Beginning with the first line of the data below, set down each line exactly through the line that contains "Pequena pilha de".

──────

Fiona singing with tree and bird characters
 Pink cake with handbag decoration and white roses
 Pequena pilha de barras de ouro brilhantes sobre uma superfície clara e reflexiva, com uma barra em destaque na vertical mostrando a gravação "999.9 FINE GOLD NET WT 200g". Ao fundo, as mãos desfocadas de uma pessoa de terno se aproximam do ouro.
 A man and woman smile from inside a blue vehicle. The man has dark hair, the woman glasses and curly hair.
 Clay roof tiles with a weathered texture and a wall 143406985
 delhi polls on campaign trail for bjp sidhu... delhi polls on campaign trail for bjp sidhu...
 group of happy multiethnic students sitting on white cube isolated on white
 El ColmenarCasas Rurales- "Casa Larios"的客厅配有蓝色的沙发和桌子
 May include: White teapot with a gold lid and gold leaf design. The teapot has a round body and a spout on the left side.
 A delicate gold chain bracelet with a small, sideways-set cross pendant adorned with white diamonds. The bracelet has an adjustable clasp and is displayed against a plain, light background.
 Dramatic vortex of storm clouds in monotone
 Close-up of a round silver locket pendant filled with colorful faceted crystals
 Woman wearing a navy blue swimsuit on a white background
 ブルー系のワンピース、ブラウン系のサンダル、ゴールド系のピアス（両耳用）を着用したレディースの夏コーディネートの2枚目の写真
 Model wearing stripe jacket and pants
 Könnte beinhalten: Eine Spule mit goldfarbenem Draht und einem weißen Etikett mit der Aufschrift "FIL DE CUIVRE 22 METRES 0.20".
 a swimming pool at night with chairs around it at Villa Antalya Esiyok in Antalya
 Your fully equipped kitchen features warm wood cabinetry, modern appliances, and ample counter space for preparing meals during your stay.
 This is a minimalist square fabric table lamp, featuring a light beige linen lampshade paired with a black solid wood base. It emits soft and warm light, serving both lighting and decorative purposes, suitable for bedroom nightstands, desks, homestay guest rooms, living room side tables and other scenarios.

──────

| SOLUTION |
Fiona singing with tree and bird characters
 Pink cake with handbag decoration and white roses
 Pequena pilha de barras de ouro brilhantes sobre uma superfície clara e reflexiva, com uma barra em destaque na vertical mostrando a gravação "999.9 FINE GOLD NET WT 200g". Ao fundo, as mãos desfocadas de uma pessoa de terno se aproximam do ouro.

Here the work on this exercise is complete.